Под одеялом было жарко, в комнате тесно. И, не в силах более терпеть духоту и тяжесть, Гаврила вдруг сказал Варе:
– Пошли на волю, подышим!
– Пошли, – тут же согласилась Варя.
И Гавриле стало хорошо – и духота мигом забылась, и тяжесть пала с плеч. Вот она, верная жена, все понимает, все знает, любую прихоть стерпит, только люби, не обижай. Ну а коли на нее найдет – не перечь, дай дурости выйти наружу вон, чтоб легко жилось.

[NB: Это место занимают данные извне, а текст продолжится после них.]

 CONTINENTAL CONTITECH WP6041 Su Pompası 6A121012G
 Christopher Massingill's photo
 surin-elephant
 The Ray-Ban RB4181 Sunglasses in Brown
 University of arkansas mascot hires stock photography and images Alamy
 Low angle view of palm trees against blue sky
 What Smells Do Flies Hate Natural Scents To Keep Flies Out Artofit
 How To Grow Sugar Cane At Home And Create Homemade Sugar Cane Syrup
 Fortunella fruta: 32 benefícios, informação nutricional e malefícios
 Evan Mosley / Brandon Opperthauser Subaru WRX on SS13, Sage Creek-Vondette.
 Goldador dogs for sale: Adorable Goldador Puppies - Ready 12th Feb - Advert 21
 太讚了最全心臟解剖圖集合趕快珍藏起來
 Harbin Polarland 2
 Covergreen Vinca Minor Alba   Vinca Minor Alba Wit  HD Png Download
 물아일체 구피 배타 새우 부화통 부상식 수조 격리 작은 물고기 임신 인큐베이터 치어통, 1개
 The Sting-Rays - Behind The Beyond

Тихонько, мать бы не разбудить, выбрались они из дому. А Пелагея не спала. Все она слышала и радовалась: вон какую умницу сыну присватала! Судьба его ждет – лучше и не думать какая. А Варя не робеет, знает, что всего-то для них одна весна уготовлена и лето – одно, а вот осени быть ли, не быть?
Гаврила и Варя пошли за дом в огород. Сели на бревнышко. И затаились. Тихо было во Пскове. И на всей земле было тихо. И в небе. Прижалась Варя виском к щеке Гаврилы доверчиво. И Гавриле спокойно стало, силу в себе почуял. Положил Варе руку на плечо: никто, мол, и никогда не посмеет тебя, любимая, обидеть.
И подумал о Пскове, и сказал себе: никто и никогда не посмеет, город мой, обидеть тебя. И все люди показались ему детьми родными. А Варя сказала ему вдруг:
– Мальчишечку хочется, сыночка твоего, Гаврилку.
Как пушиночку поднял Гаврила на руки Варю. И сел.
Голова закружилась – захватило дух.
И поклялся в тот миг про себя Гаврила суровой клятвой: стоять Пскову твердыней, покуда государь не послушает голоса людей меньших. Уж коли жить, так всем, коли хлеб жевать, так чтоб у каждого кус был. Уж коли суд, так суд по вине, а не по деньгам.